Figure 1.2. a) An atomic force microscope image of nanorod with 35.3 nm diameter around 600 nm in length (courtesy of [WON 97]; b) nanowires (image from www.efocuss.com); c) high-magnification scanning electron microscope of single-crystalline gold nanoplates [AH 05]; d) scanning electron micrographs of nanorings made of 100 nm diameter (courtesy of [ZHU 04]). For a color version of the figure, see www.iste.co.uk/murmu/non-local.zip

Figure 1.3. a) Scanning electron microscope of SWCNT grown on conical Si tip, b) MWCNT forest on glass substrate. Each rod-like element is the image of MWCNT with diameter of the order of tens of nanometers [DAI 02]

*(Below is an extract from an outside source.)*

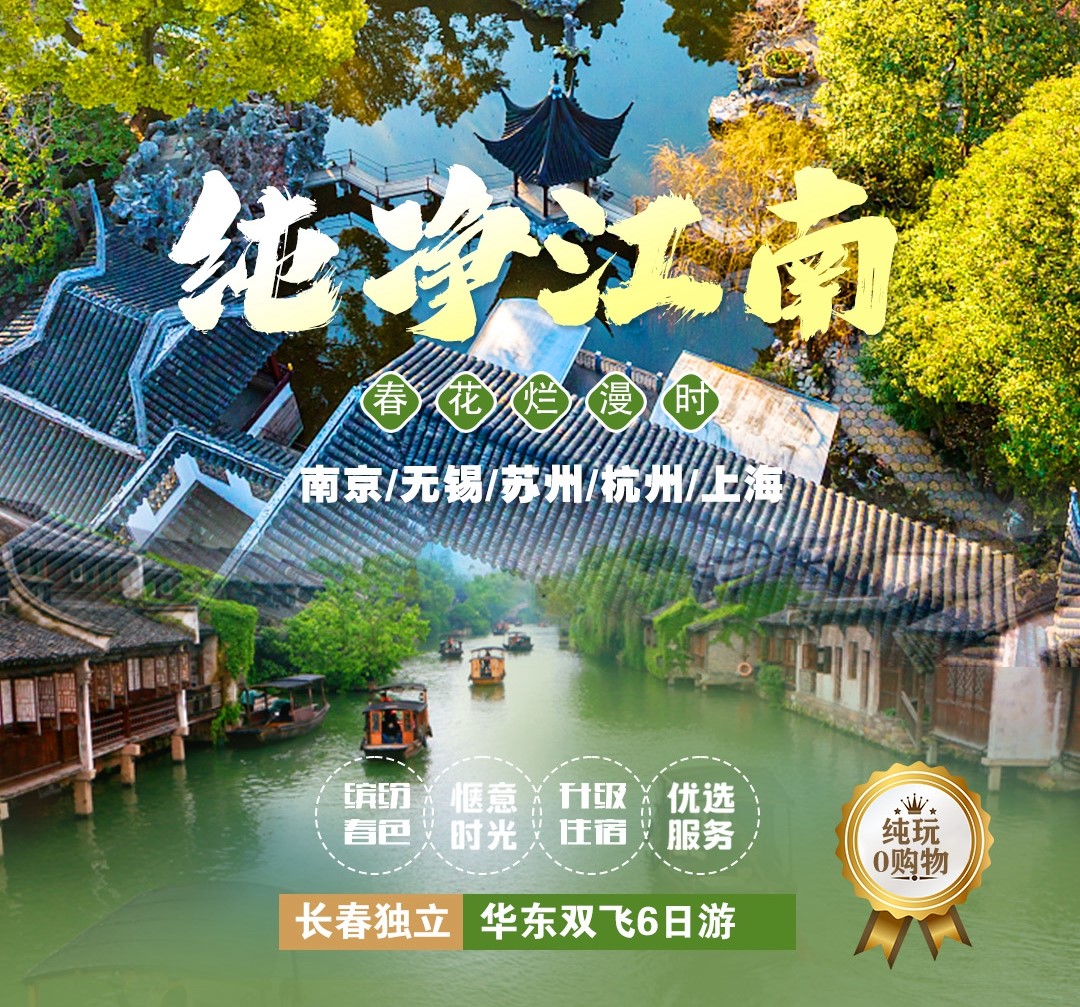 【純凈江南】繽紛春色愜意時光華東五市雙飛6日游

– Nanorings: a nanoring is a small ring-formed crystal. The diameter is between 50 nm and 1 μm. The nanorings could serve as nanometer-scale sensors, resonators and transducers. These small-scale structures could provide a unique platform for studying piezoelectric effects and other phenomena at the small scale. Figure 1.2(d) shows an image of nanorings taken from scanning electron microscope [ZHU 04].

– Nanoribbons: these are thin strips of nanosheets or unrolled single-walled CNTs. Nanoribbons such as graphene nanoribbons may be a technological alternative to silicon semi-conductors due its semi-conductive properties.

– Nanotubes: among several nanoscale structures, nanotubes have aroused great interest in the scientific community because of their exceptional mechanical, electronic, electrochemical and electrical properties. Nanotubes are long and thin cylinders of macromolecules composed of carbon atoms in a periodic hexagonal arrangement. Generally, two varieties of these tubes have been distinguished, the single-walled CNT denoted as SWCNT (Figure 1.3(a)) and the multi-walled CNT denoted as MWCNT (Figure 1.3(b)), the latter consisting of a set of concentric single-walled tubes nested inside. A double-walled CNT is shown in Figure 1.4.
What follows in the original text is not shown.